Tarihi 15 Mart 2011

Böyle siyasi parti olur mu?

Polis, mahkeme kararı ile BDP'nin Beyoğlu İlçe Başkanlığı'ndaki bir toplantıyı dinlemiş. Yapılan konuşmalar, insanın kanını donduracak cinsten.
Yer BDP'nin binası, toplantı yapanlar PKK'nın mahalli alan sorumluları. Dile getirdikleri konuşmalar ise, kan, kin ve nefret üzerine Neler söylemiyorlar ki... "Halk savaşından" bahsediyorlar.
Herkesi Libya ve Tunus'taki gibi elde silah ayaklanmaya teşvik için yapılması gerekenleri konuşuyorlar. "İstanbul'u ateşe vermemiz gerekir" diyorlar.
Bir gecede 500 araç yakmanın planlarını yapıyorlar.
Büyük şehirlerde yaşayan insanları canlarından bezdirecek her türlü eylemle birlikte bazı gazetecilere düzenlenecek suikastler üzerine görüş alış-verişinde bulunuyorlar.
Siyasi parti değil, terör yuvası!
Üstelik, öyle bir terör yuvası ki, "İstanbul'u yağmalamaktan" bahsedebiliyorlar.

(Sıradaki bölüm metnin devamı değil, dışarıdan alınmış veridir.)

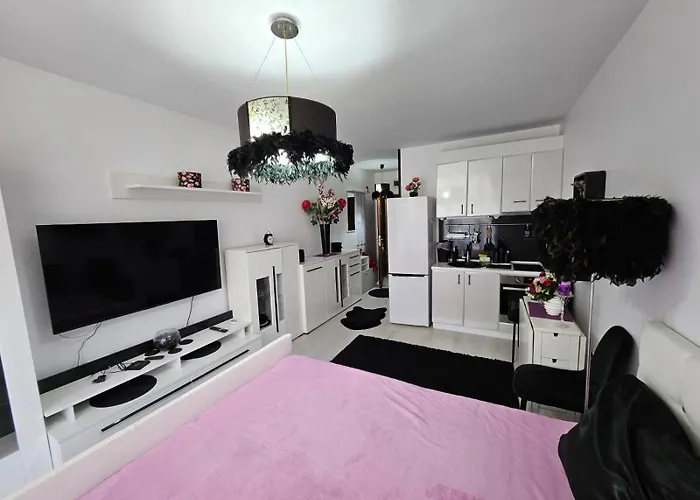 Romantic Sensual Retreat By Flat Mаnager Lejlighed Ravda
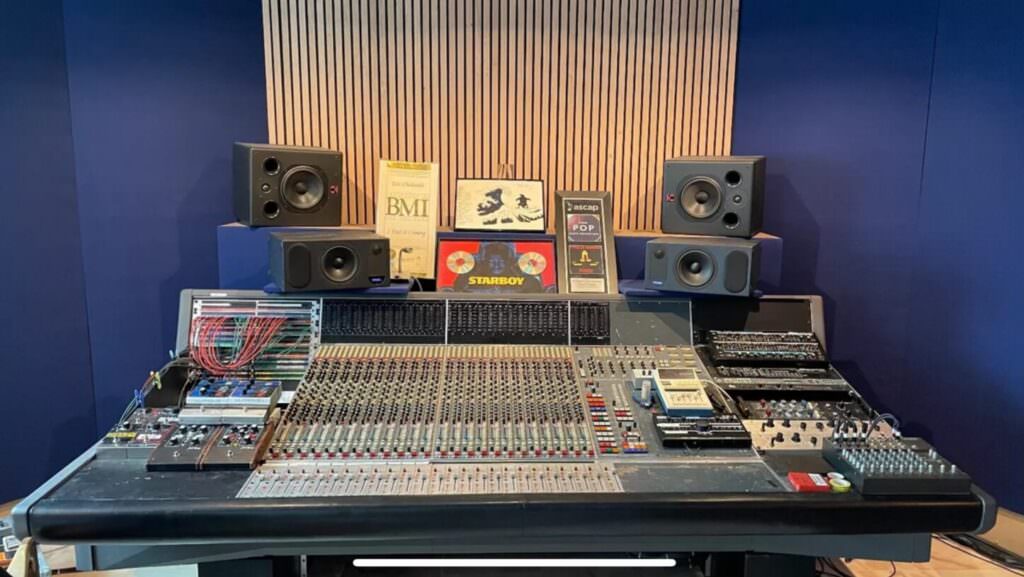 Mixer e Fiori di C 1 scaled e1741355685289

Birlikte yaşadıkları ve yüzlerine güldükleri insanları "düşman" olarak görüp hedef tahtasına yerleştiriyorlar.
***

Bu, bir anda gelişmiş, tesadüfen ortaya çıkmış bir toplantı değil. BDP Binası'ndaki toplantı için günlerce hazırlık yapmışlar.
Ardından da içeri girip dört günlük bir eğitim çalışması yürütmüşler.
Belli ki, BDP'nin de orada ne yapıldığından, kimlerin kimlerle buluştuğundan, ne tür konuların gündeme getirildiğinden haberi var.
Zaten bilinmeyen bir şey değil. PKK ile BDP iç içe. Biri silahla bu devleti tehdit ediyor. Diğeri de siyaset yolu ile aynı amaca ulaşmak için çalışıyor.
Kuruluşundan beri bu partinin yaptıklarına bir bakın...
Sürekli olarak Hükümet'i ve devleti tehdit ediyor.
Abdullah Öcalan'ın sözcülüğünü yapıyor.
Terörün sırtını sıvazlıyor.
Bunlar "siyaset" denilen işi, Abdullah Öcalan'ın rahatı ve cezaevi şartlarının iyileştirilmesine indirgemiş durumdalar.
Abdullah Öcalan bir yana...
Bütün Kürtler diğer tarafa!
Onlar için Abdullah Öcalan'ın rahatı, keyfi, huzuru ve ağzından çıkan sözler, bu ülkede yaşayan bütün Kürtlerin refah ve mutluluğunun önünde.
***

Star Gazetesi yazarı Mehmet Metiner'le Bugün Gazetesi'nde birlikte çalıştık...
Kürt kimliği hep ön planda oldu. Metiner, beğenirsiniz ya da beğenmezsiniz, Kürtlerin mutluluğu için sürekli olarak çözümler üretmeye çalıştı. PKK'yı "Stalinist taşeron bir örgüt" olarak gördü. Kürtlerin mutluluğu ile birlikte Türk- Kürt kardeşliğini savundu.
Sonuç ortada:
İzlediği bu bağımsız politika PKK'yı rahatsız etti. Abdullah Öcalan'ın eleştiri oklarının hedefi oldu. Durum bu olunca, PKK'nın ve onunla birlikte hareket eden silahlı grupların "düşman" listesine alındı.
Polisin dinlemesine takılan BDP binasındaki o toplantıda Mehmet Metiner'e yönelik suikast planları konuşuldu.
O toplantı dinlenmemiş olsaydı, Metiner'e suikast girişiminde bulunacak kişi yakalanamayacaktı. Metiner, belki de bugün yaşamıyor olacaktı.
***

BDP'liler ise, bütün bu gerçeklere rağmen, hâlâ vatandaşın karşısına çıkıp "kardeşlik" nutukları atabiliyorlar. Sürekli olarak "demokrasi" denilen kavramın ardına saklanıyorlar.
Biz de medya olarak zaman zaman onlara alet oluyoruz.
Oysa, "kardeşlik" ve "demokrasi" söylemlerinin tamamı kamuoyu önünde oynanmaya çalışılan bir tiyatro. "Demokrasi" nutuklarının hepsi hikaye!
Kan, kin, nefret, gözyaşı, tehdit, terör ve silahla demokrasi denilen kavram yan yana gelebilir mi?